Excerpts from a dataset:
——
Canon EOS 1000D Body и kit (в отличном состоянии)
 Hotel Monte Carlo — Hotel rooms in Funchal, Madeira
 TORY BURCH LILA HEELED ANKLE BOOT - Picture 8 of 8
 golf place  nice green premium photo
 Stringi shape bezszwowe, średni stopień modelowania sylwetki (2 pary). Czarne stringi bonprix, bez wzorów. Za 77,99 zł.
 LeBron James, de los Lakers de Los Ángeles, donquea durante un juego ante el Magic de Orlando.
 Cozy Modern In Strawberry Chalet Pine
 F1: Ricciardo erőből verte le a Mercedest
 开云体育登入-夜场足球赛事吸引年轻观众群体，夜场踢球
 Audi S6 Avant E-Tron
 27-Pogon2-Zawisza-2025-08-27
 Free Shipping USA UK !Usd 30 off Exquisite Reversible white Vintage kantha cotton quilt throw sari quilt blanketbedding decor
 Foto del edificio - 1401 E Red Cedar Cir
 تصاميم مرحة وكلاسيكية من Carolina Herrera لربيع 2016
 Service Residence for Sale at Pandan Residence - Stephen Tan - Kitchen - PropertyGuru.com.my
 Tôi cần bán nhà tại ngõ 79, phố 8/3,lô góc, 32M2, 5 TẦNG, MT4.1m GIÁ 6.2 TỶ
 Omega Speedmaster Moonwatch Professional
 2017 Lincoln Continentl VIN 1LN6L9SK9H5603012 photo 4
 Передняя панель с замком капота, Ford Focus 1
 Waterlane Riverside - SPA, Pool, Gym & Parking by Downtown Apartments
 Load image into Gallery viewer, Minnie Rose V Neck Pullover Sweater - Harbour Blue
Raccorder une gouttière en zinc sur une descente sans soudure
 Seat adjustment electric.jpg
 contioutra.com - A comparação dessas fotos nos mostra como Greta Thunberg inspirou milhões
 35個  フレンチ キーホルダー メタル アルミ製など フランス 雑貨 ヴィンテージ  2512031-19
——
WORK INSTRUCTION:
Retype the entries exactly, please. Leave no line out.

ANSWER SECTION:
Canon EOS 1000D Body и kit (в отличном состоянии)
 Hotel Monte Carlo — Hotel rooms in Funchal, Madeira
 TORY BURCH LILA HEELED ANKLE BOOT - Picture 8 of 8
 golf place  nice green premium photo
 Stringi shape bezszwowe, średni stopień modelowania sylwetki (2 pary). Czarne stringi bonprix, bez wzorów. Za 77,99 zł.
 LeBron James, de los Lakers de Los Ángeles, donquea durante un juego ante el Magic de Orlando.
 Cozy Modern In Strawberry Chalet Pine
 F1: Ricciardo erőből verte le a Mercedest
 开云体育登入-夜场足球赛事吸引年轻观众群体，夜场踢球
 Audi S6 Avant E-Tron
 27-Pogon2-Zawisza-2025-08-27
 Free Shipping USA UK !Usd 30 off Exquisite Reversible white Vintage kantha cotton quilt throw sari quilt blanketbedding decor
 Foto del edificio - 1401 E Red Cedar Cir
 تصاميم مرحة وكلاسيكية من Carolina Herrera لربيع 2016
 Service Residence for Sale at Pandan Residence - Stephen Tan - Kitchen - PropertyGuru.com.my
 Tôi cần bán nhà tại ngõ 79, phố 8/3,lô góc, 32M2, 5 TẦNG, MT4.1m GIÁ 6.2 TỶ
 Omega Speedmaster Moonwatch Professional
 2017 Lincoln Continentl VIN 1LN6L9SK9H5603012 photo 4
 Передняя панель с замком капота, Ford Focus 1
 Waterlane Riverside - SPA, Pool, Gym & Parking by Downtown Apartments
 Load image into Gallery viewer, Minnie Rose V Neck Pullover Sweater - Harbour Blue
Raccorder une gouttière en zinc sur une descente sans soudure
 Seat adjustment electric.jpg
 contioutra.com - A comparação dessas fotos nos mostra como Greta Thunberg inspirou milhões
 35個  フレンチ キーホルダー メタル アルミ製など フランス 雑貨 ヴィンテージ  2512031-19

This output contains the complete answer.